[Materials provided Boundary: Start]

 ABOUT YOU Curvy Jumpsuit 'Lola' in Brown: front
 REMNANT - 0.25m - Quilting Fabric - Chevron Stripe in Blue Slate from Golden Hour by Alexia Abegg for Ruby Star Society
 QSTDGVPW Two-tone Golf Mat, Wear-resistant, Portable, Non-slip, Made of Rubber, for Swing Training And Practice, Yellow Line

[Materials provided Boundary: End]
[Materials provided Boundary: Start]

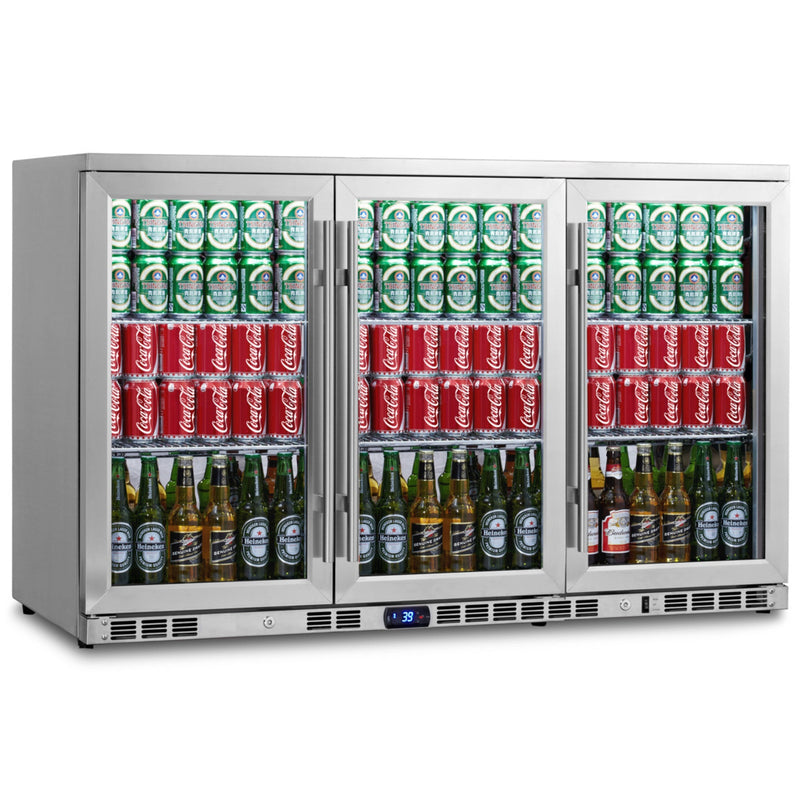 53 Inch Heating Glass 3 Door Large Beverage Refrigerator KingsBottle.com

[Materials provided Boundary: End]

Exercise directions: Using the data above, extract exactly the lines from the one that holds "REMNANT - 0.25m" to the one that holds "QSTDGVPW Two-tone Golf", both ends included, and no others.

Answer to this exercise:
 REMNANT - 0.25m - Quilting Fabric - Chevron Stripe in Blue Slate from Golden Hour by Alexia Abegg for Ruby Star Society
 QSTDGVPW Two-tone Golf Mat, Wear-resistant, Portable, Non-slip, Made of Rubber, for Swing Training And Practice, Yellow Line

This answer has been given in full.